SI
SI
discoversearch

We've detected that you're using an ad content blocking browser plug-in or feature. Ads provide a critical source of revenue to the continued operation of Silicon Investor.  We ask that you disable ad blocking while on Silicon Investor in the best interests of our community.  If you are not using an ad blocker but are still receiving this message, make sure your browser's tracking protection is set to the 'standard' level.
Politics : Formerly About Advanced Micro Devices -- Ignore unavailable to you. Want to Upgrade?


To: Bilow who wrote (107735)4/25/2000 5:57:00 AM
From: Joe NYC  Respond to of 1572871
 
Carl,

P.S. I hope that Via does a better job with their DDR chipsets, but I guess that other companies are working on competing sets anyway...
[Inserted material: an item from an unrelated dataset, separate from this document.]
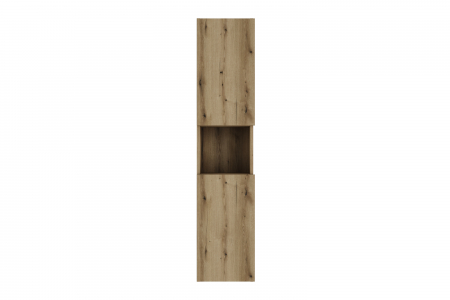 Dulap inalt baie 2 usi 140 x 30 x 25 cm stejar Nova Comad [1]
Well, AMD is working on it as well. I hope we will get a good performing chipset from AMD. AMD has a strong incentive to do very well, because the chipset can make an important difference in the benchmarks.

Joe



To: Bilow who wrote (107735)4/25/2000 6:12:00 AM
From: Joe NYC  Read Replies (3) | Respond to of 1572871
 
Carl,

I have a very basic question about RDRAM vs. SDRAM. Here are 2 articles on the web:

hardwarecentral.com

SDRAM performance is actually measured with two metrics: bandwidth and latency. Surprisingly RDRAM does not only offer a higher bandwidth, but its latency has also been improved relative to SDRAM. What may be even more surprising is that PC133 SDRAM latency is worse than PC100 SDRAM.
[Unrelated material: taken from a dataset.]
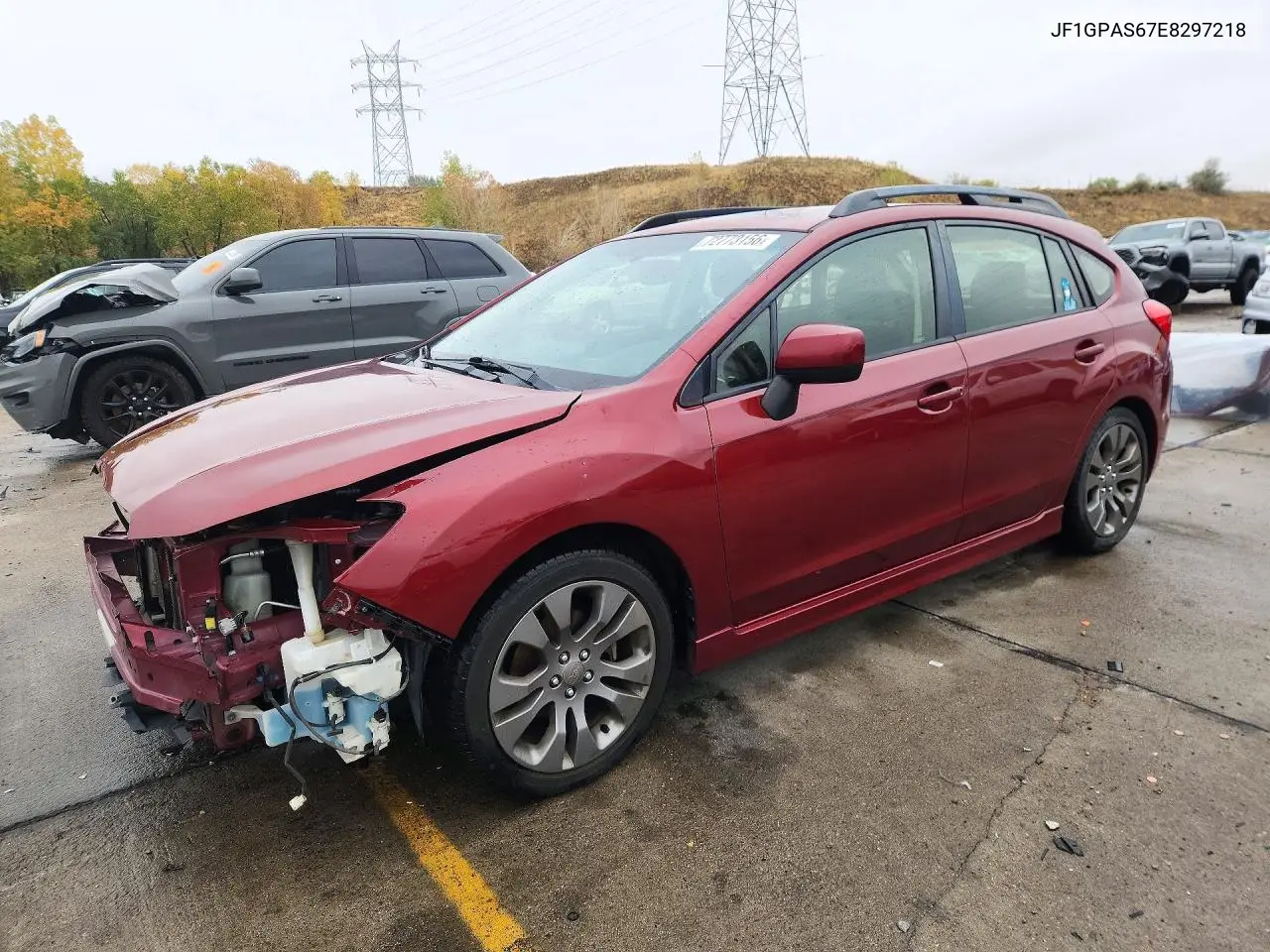 SUBARU IMPREZA 2014, VIN JF1GPAS67E8297218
How is component latency defined? The accepted definition of latency is the time between the moment the RAS (Row Address Strobe) is activated (ACT command sampled) to the moment the first data bit becomes valid. Synchronous device timing is always a multiple of the device clock period.

The fundamental latency of a DRAM is determined by the speed of the memory core. All SDRAMs use the same memory core technology, so all SDRAMs are subject to the same latency. Any differences in latency between SDRAM types are therefore only the result of the differences in the speed of their interfaces.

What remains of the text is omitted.